Of local weather-related natural hazards, the most dangerous is hail. “Pea-sized hail,” Troy told us, “a half inch thick on the road gets people in trouble around here.” The Weather Service has joined with CalTrans and the Highway Patrol to educate drivers about the danger, and what to do. If you find yourself on a hail-covered road you should:
- Ease off the gas pedal
- Don’t slam on the brakes
- Avoid over-correcting
Troy made the distinction between chronic and acute hazards. River flooding, like the floods of 1964, are acute problems. Another was the tsunami that hit Crescent City, also in 1964. That tsunami was generated by a distant earthquake.

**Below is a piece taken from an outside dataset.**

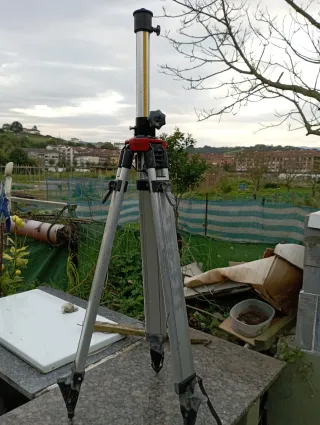 Trípode Profesional Láser Rotatorio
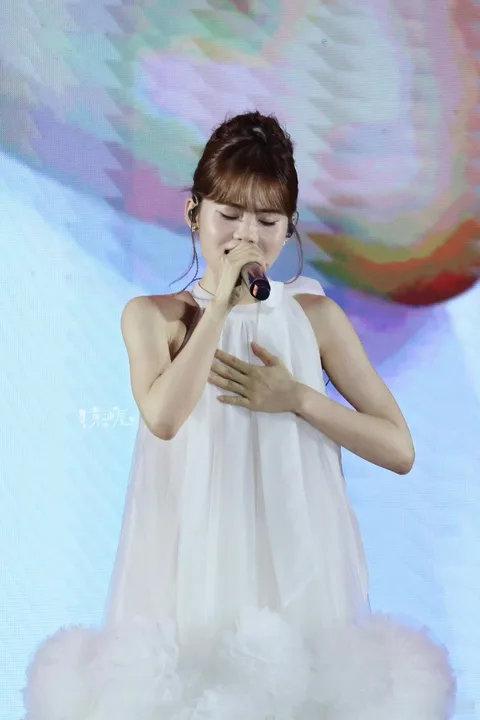 井迪线下演出摔倒注意安全啊我姐！井迪参加线下演出突然摔倒，摔倒后依旧继续站起来继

More destructive but less frequent is a tsunami generated by a local quake. The last local example occurred about 300 years ago.
If another locally-generated tsunami occurs, Troy said that our warning will be the shaking itself. In the event of a major earthquake, drop, cover, and hold on. Don’t head for the door until the shaking ends. When it’s over, you have about 20 minutes to get to high ground. “Everybody is surprised how far you can get in 20 minutes.” Once you reach high ground, stay there, since the waves may continue for hours.
Troy closed by encouraging us to prepare for the next earthquake. If your home has a post and pier foundation, you should reinforce the connection between house and foundation.
Also, he suggests, make sure that heavy items are not stored in high locations. “Look at the places where your children sleep,” he said. “If you have your prized bowling ball over your child’s bed, that’s not good.”
Troy also noted that climate change is another event to prepare for. “Climate change will bring wetter wet years and drier dry years,” he said. Even though the change is happening over a number of years, we need to be aware of its impact.
In summary, Troy said that we should not be fooled – not by 20 minutes of calm ocean; not by 20 to 300 years without a major earthquake, tsunami, or flood; and not by the slow creep of climate change. Other areas aren’t fooled by time – they have tornados and hurricanes on a regular basis. He advised us not to be tricked by the unpredictability of the dangers we face.